The DOE’s National Energy Technology Laboratory recently found that fluids used in the hydraulic fracturing process did not contaminate drinking water aquifers.


By: Dana Boham, Energy in Depth

It’s the linchpin argument of the anti-fracking movement, and federal researchers are once again saying it’s without merit.

New research from the National Energy Technology Laboratory, part of the U.S. Department of Energy, has found that fluids used in the hydraulic fracturing process (often called “fracking”) did not contaminate drinking water aquifers. As reported by the Associated Press:

Drilling fluids tagged with unique markers were injected more than 8,000 feet below the surface, but were not detected in a monitoring zone 3,000 feet higher. That means the potentially dangerous substances stayed about a mile away from drinking water supplies.

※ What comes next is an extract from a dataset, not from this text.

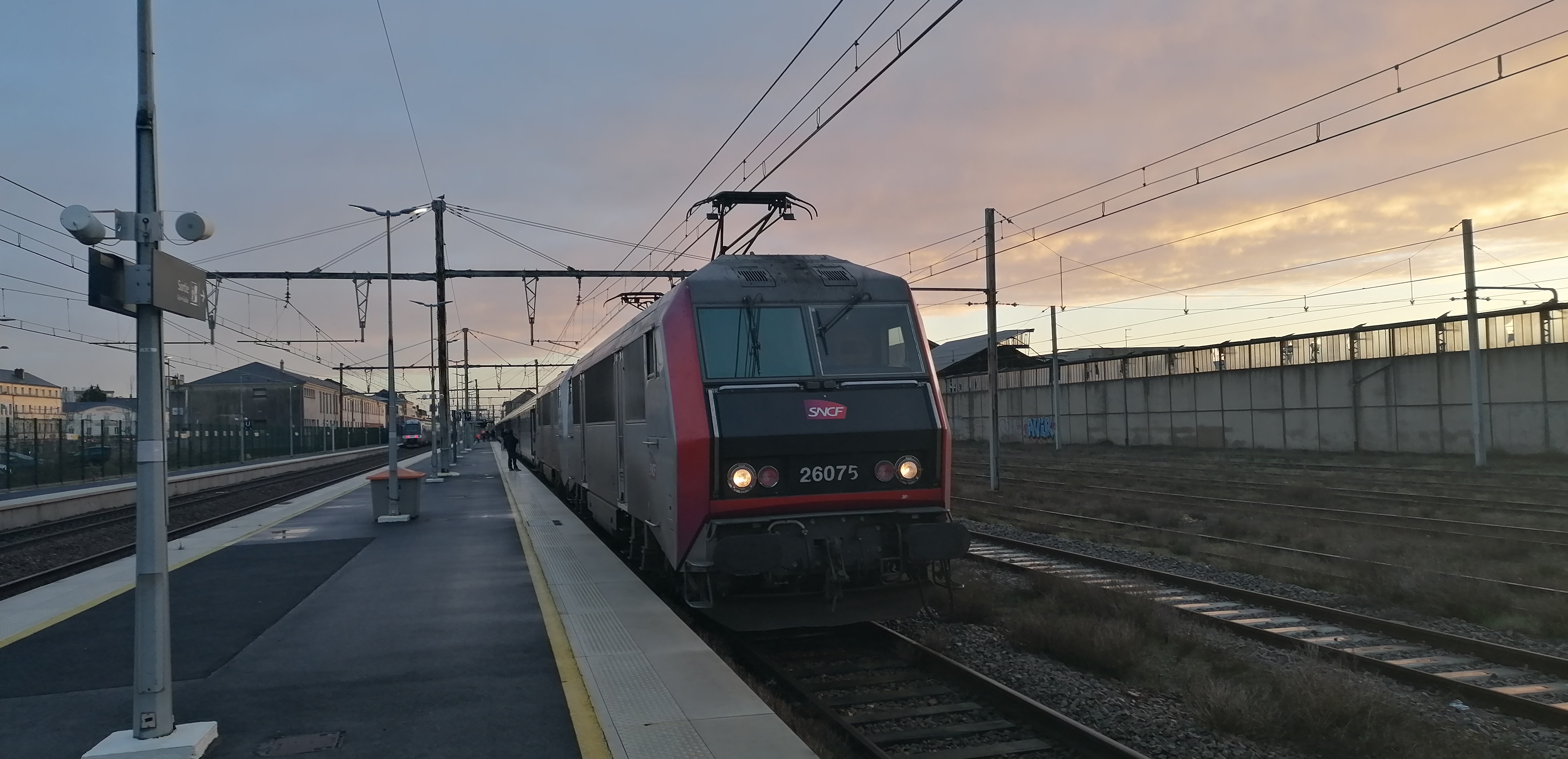 Train Paris-Orléans-Limoges-Toulouse en gare de Châteauroux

Eight new Marcellus Shale horizontal wells were monitored seismically and one was injected with four different man-made tracers at different stages of the fracking process, which involves setting off small explosions to break the rock apart. The scientists also monitored a separate series of older gas wells that are about 3,000 feet above the Marcellus to see if the fracking fluid reached up to them.

The industry and many state and federal regulators have long contended that fracking itself won’t contaminate surface drinking water because of the extreme depth of the gas wells. Most are more than a mile underground, while drinking water aquifers are usually within 500 to 1000 feet of the surface.